Local meeting transcription for macOS. No cloud. No API keys. Your data stays on your machine.

Swift 6.3 macOS 26+ MIT License Apple Silicon


Overview

HushScribe is a macOS menu bar app that captures meetings and voice memos, transcribes them on-device, and writes structured .md files to a folder of your choice (eg. including your Obsidian vault).

Every step runs locally. Transcription uses on-device models (Parakeet-TDT v3, WhisperKit, or Apple Speech). The AI summary is generated on-device via Apple's NaturalLanguage framework. No audio, no transcripts, and no data of any kind is ever sent to the internet.

HushScribe — main HushScribe — capturing HushScribe — speaker naming

Installing

Via Homebrew (recommended):

brew tap drcursor/hushscribe https://github.com/drcursor/HushScribe
brew install --cask hushscribe

Manual: Download the DMG from the latest release and drag HushScribe to /Applications.

Why HushScribe?

  • Entirely local. Transcription and AI summary both run on-device — Parakeet, WhisperKit, Apple Speech, and Apple's NaturalLanguage framework. Nothing ever leaves your machine.
  • Your data, your files. Output is plain .md with YAML frontmatter, timestamps, and speaker labels. No proprietary export, no lock-in, no copy-paste.
  • No accounts, no subscriptions, no API keys, no additional background services Download and run.
speak → capture → md transcription → knowledge base

Features

  • Multilingual transcription via Parakeet-TDT v3 (FluidAudio) — 25 European languages, auto-detected, runs on Apple Silicon ANE.
  • Multiple transcription models. Choose between Parakeet-TDT v3 (default, fastest), WhisperKit Base, WhisperKit Large v3, or Apple Speech (built-in, no download required). All run entirely on-device.
  • Auto-record meetings. Enable from the menu bar — recording starts automatically when a meeting app (Zoom, Teams, Slack, FaceTime, Webex, Discord, Google Meet, Loom) is running and the microphone is actively in use. Stops automatically when the call ends; configurable stop delay in Settings. Note: browser-based meetings (e.g.

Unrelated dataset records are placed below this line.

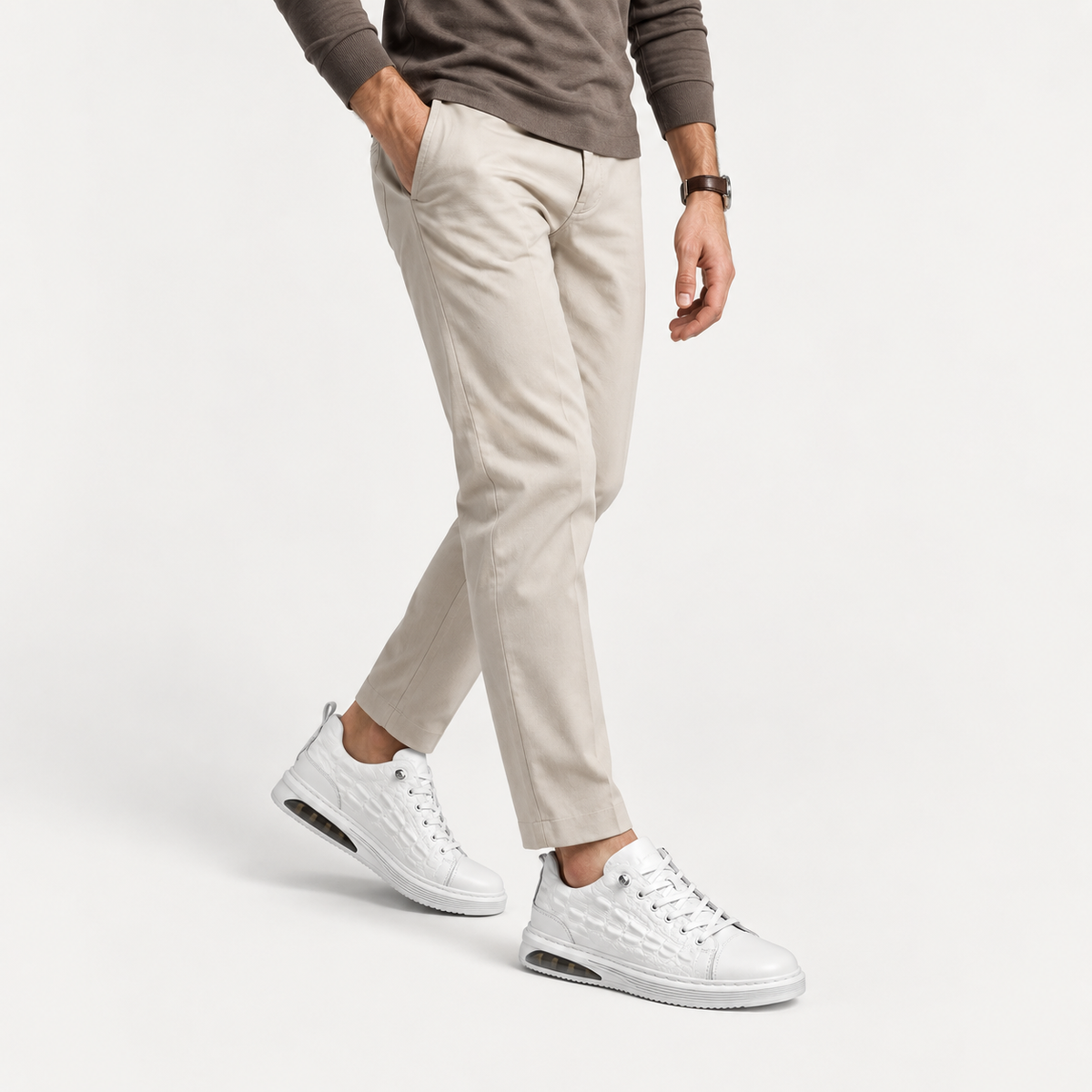 Fairfax Board Trainer  I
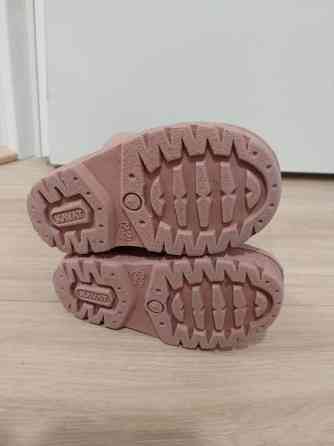 Kavat kumisaappaat 22 Espoo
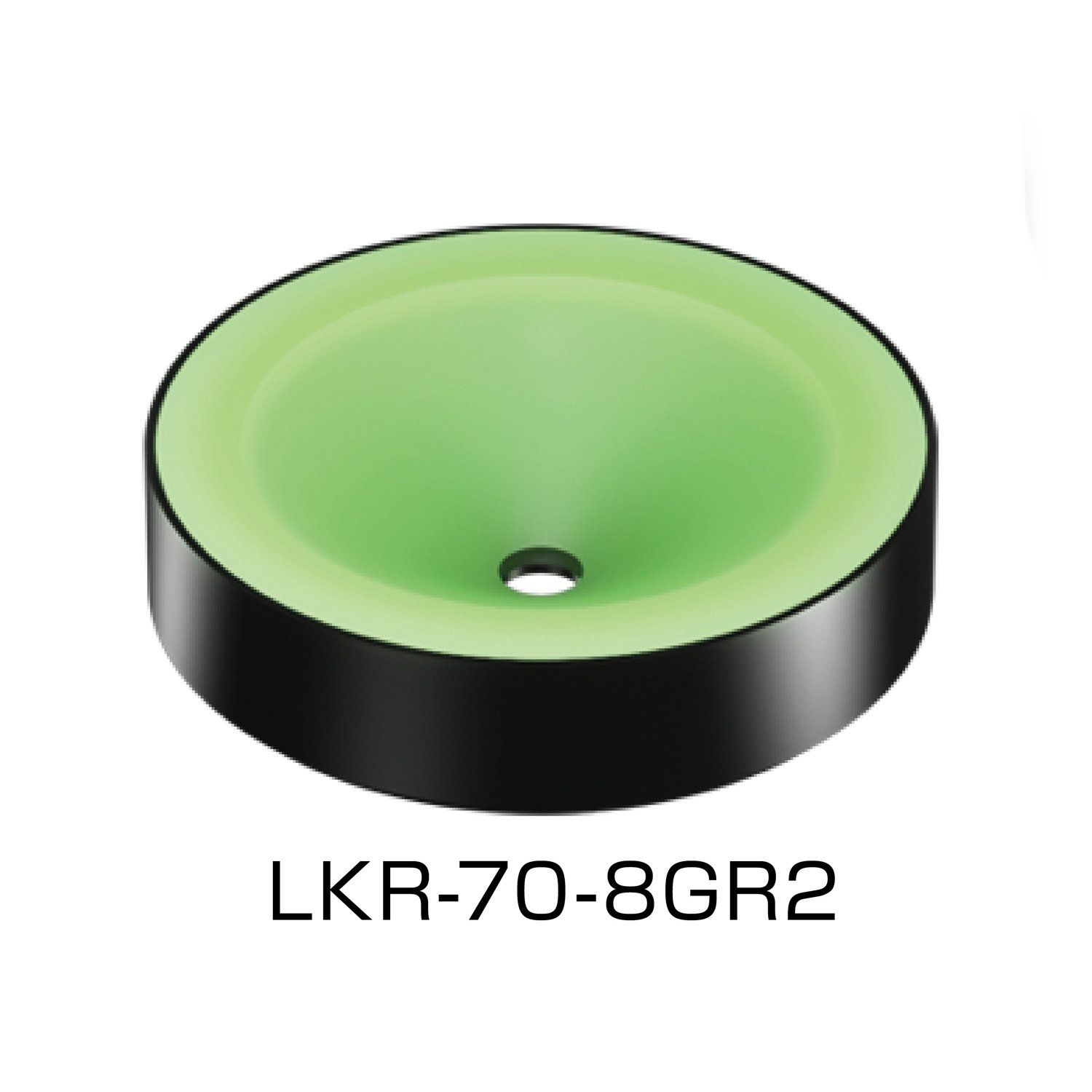  CCS希希爱视    LKR-70-8GR2    环形光源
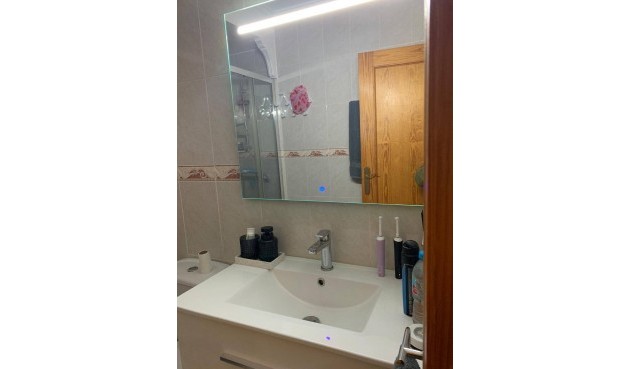 Brukt - Villa -
Orihuela Costa - Las Filipinas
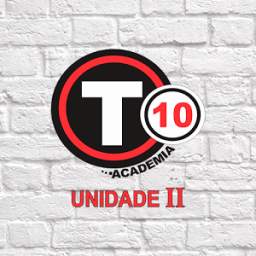 T10 Academia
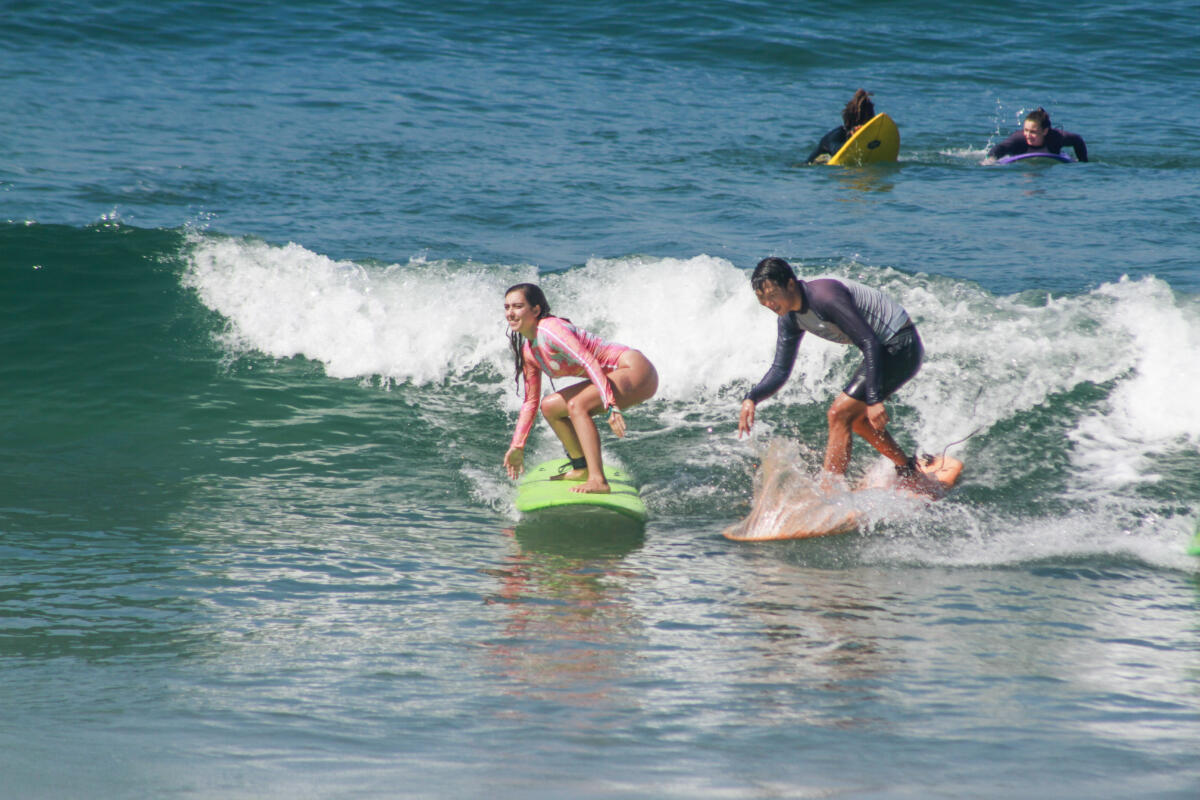 Sessao Praia da Macumba – 2026-04-02 – Manhã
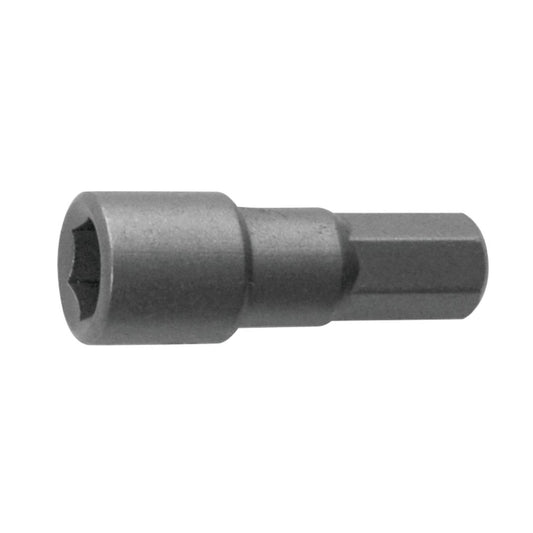 Anex Stubby Box Bit H6x27(for manual screwdrivers) AK-51BP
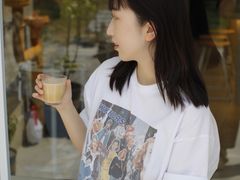 -悟白咖啡WoobyCafe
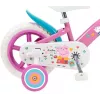 Bērnu velosipēds Toimsa 1195 Peppa Pig 12 collu rozā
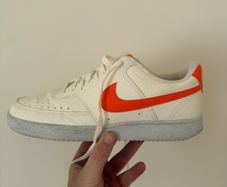 Nike Court Vision UK9
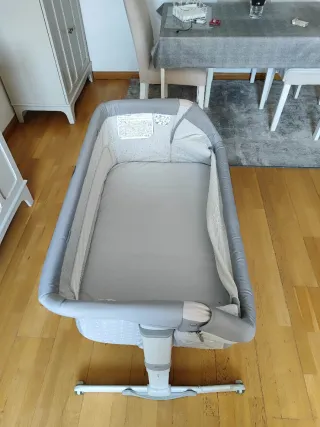 Cuna colecho Chicco Next to me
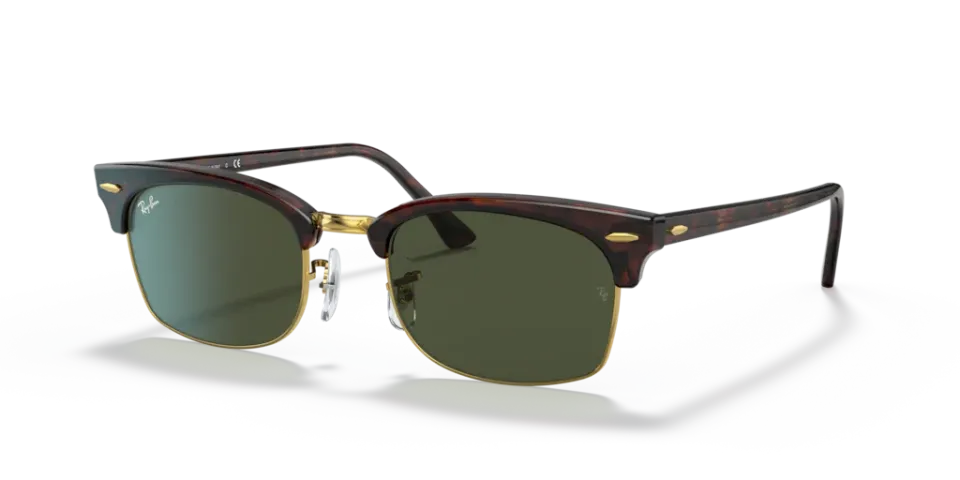 Ray-Ban RB 3916 130431 52 Unisex Güneş Gözlüğü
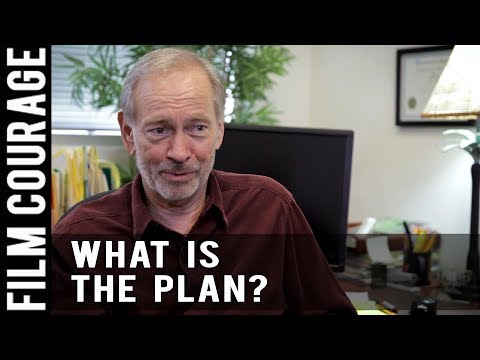 What A Screenwriter Should Know Before Writing A Screenplay by Eric Edson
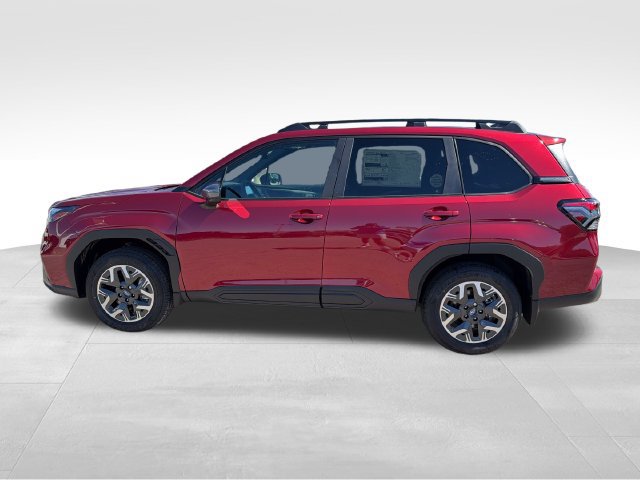 New 2026 Subaru Forester Premium AWD/4WD image 4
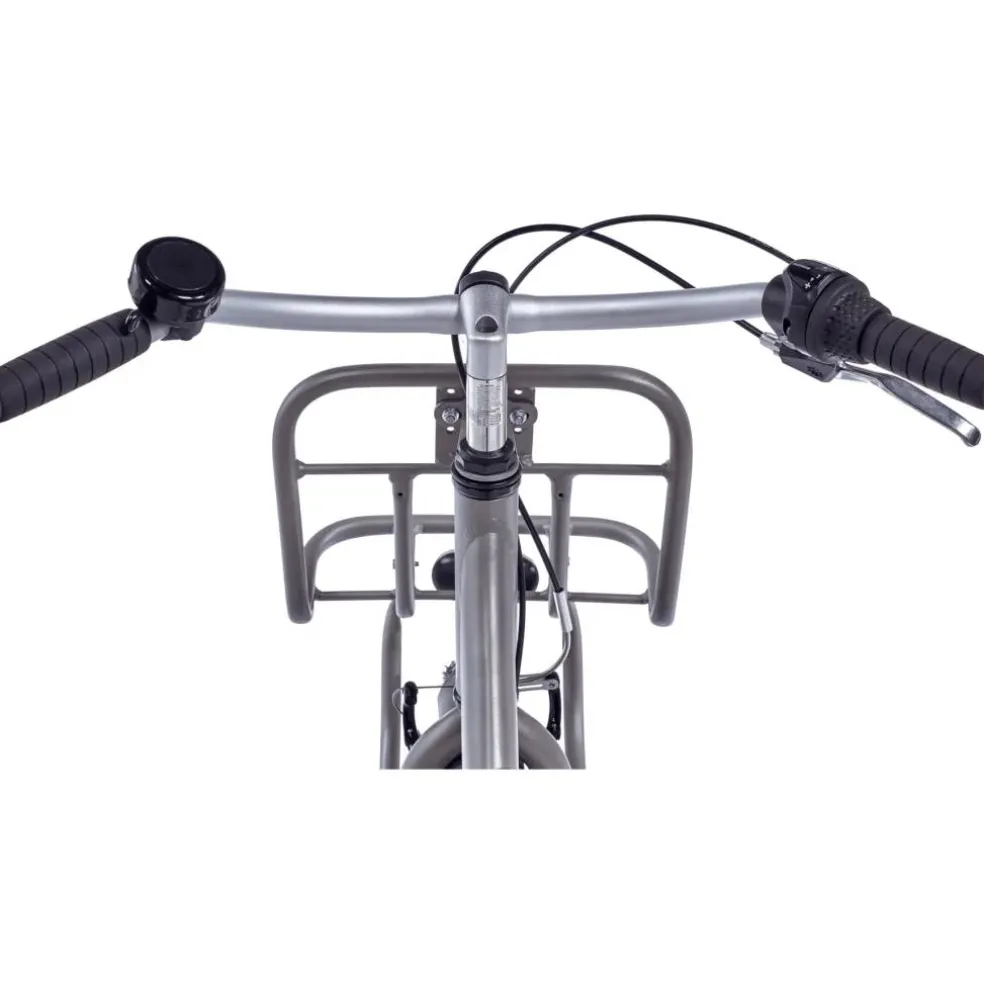 Alpina Clubb 24 Inch Meisjesfiets 2026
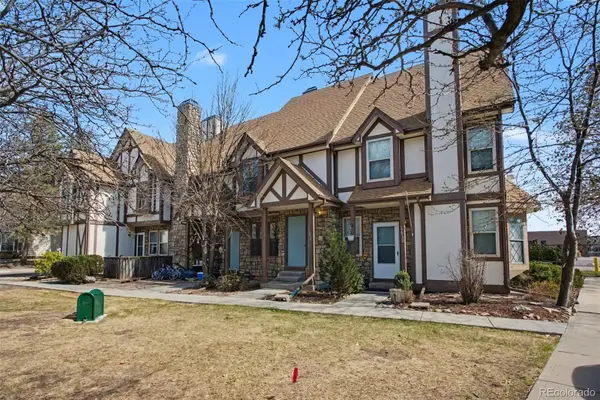 17932 Becket Drive, Parker, CO 80134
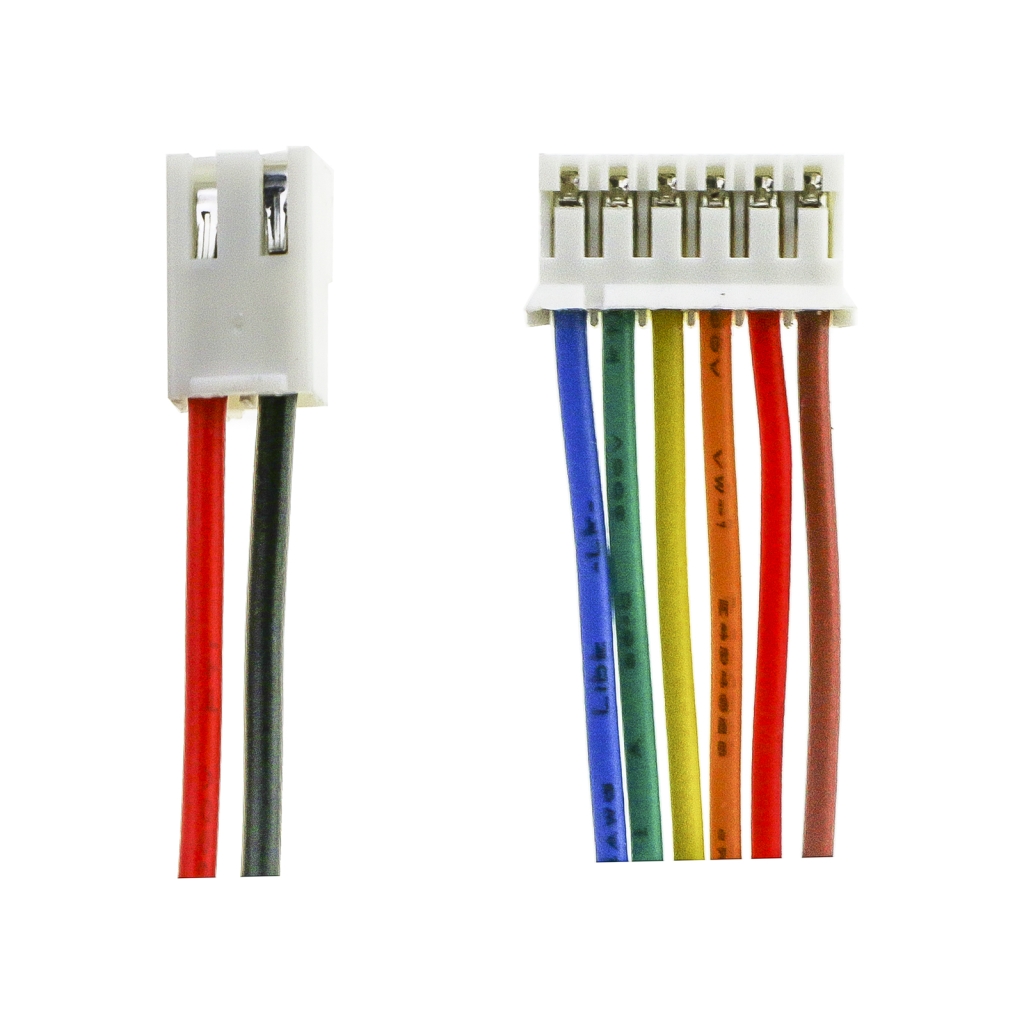 Sostituzione della batteria compatibile per Delonghi 5519210731,XLR18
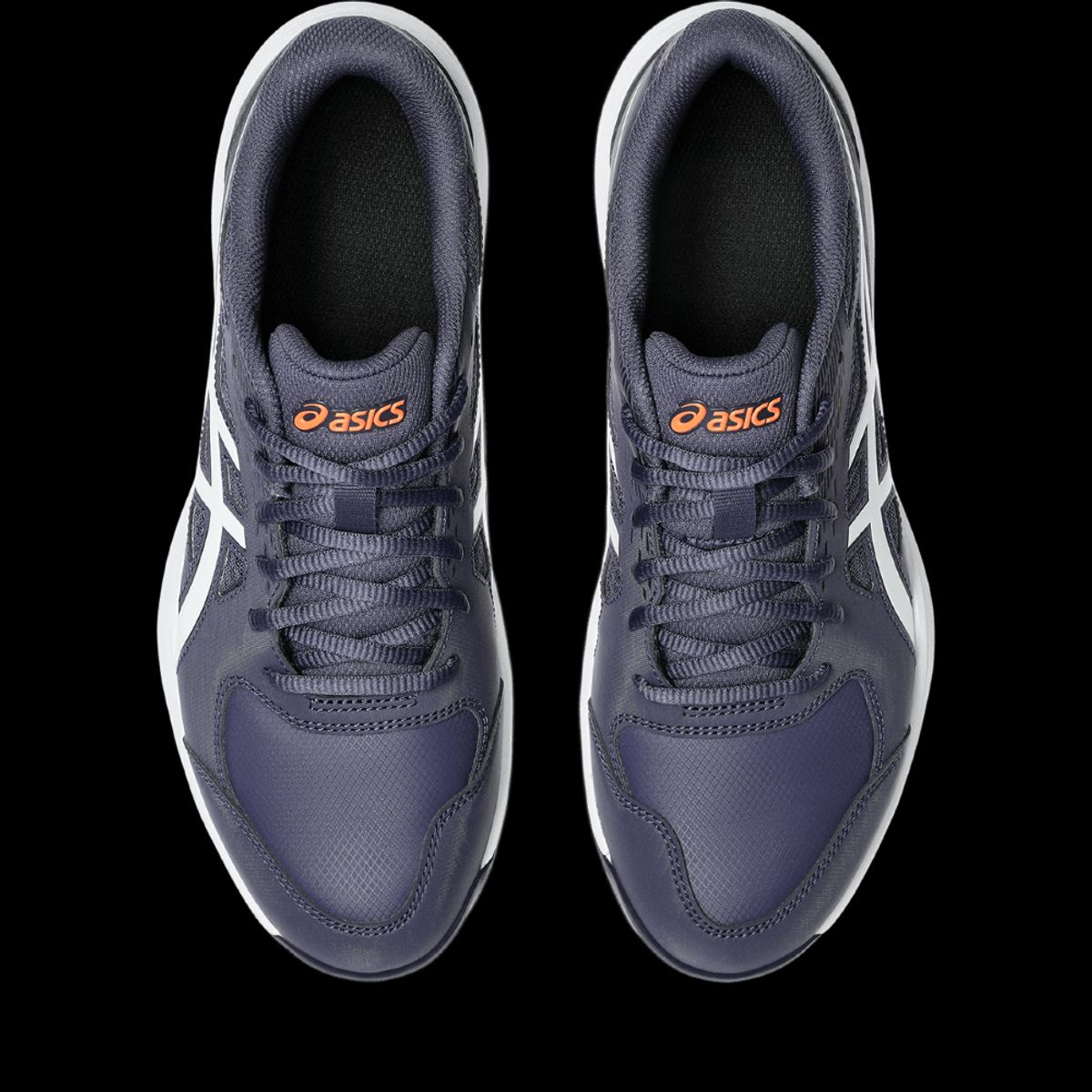 ASICS - Asics Court Slide 4 Tenis morado de hombre para tenis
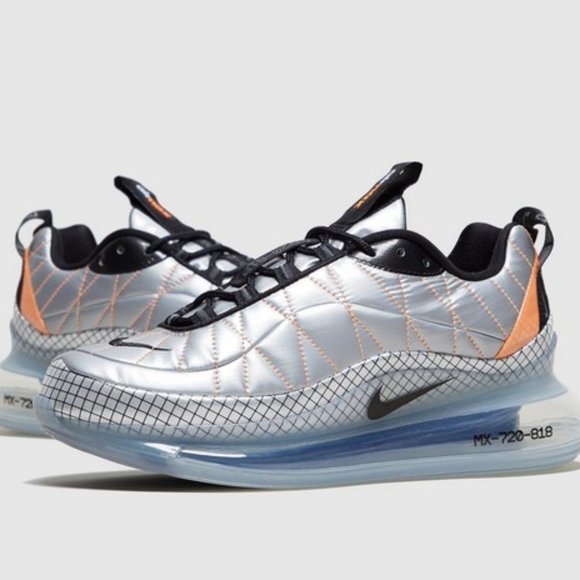 NEW Nike Men / Women MX-720-818 Running Sneakers - Picture 9 of 16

Google Meet in a browser) are not detected.
  • Call Capture grabs mic + system audio. Detects which conferencing app you're in (Teams, Zoom, Slack, etc.) and filters audio to just that app.
  • Voice Memo is mic-only. Saves to a separate folder so it doesn't clutter your meeting transcripts.
  • On-device AI summary. Each transcript includes a Summary section with Topics, Highlights, and To-Dos, generated locally using Apple's NaturalLanguage framework — no API key, no network. (Experimental)
  • Speaker diarization runs after the call ends. Splits remote audio into labelled speakers; post-session prompt lets you assign real names.
  • Split VU meters. Separate level meters for microphone and system audio, each with an independent mute toggle.
  • Obsidian Vault-native compatible. Writes .md with frontmatter: type, created, attendees, tags, source_app.
  • Silence auto-stop. Configurable timeout (default 2 min); countdown shown during recording.
  • Privacy mode. Hidden from screen sharing by default. No audio saved to disk — transcripts only.

Privacy

  • All transcription models run entirely on-device. No audio is ever sent anywhere.
  • AI summaries are generated on-device using Apple's NaturalLanguage framework. No external API. (Experimental)
  • No network calls. No analytics. No telemetry.
  • No audio is saved to disk. Only text transcripts.
  • The app window is hidden from screen sharing by default.
  • Transcripts are saved as plain .md files to a folder you choose.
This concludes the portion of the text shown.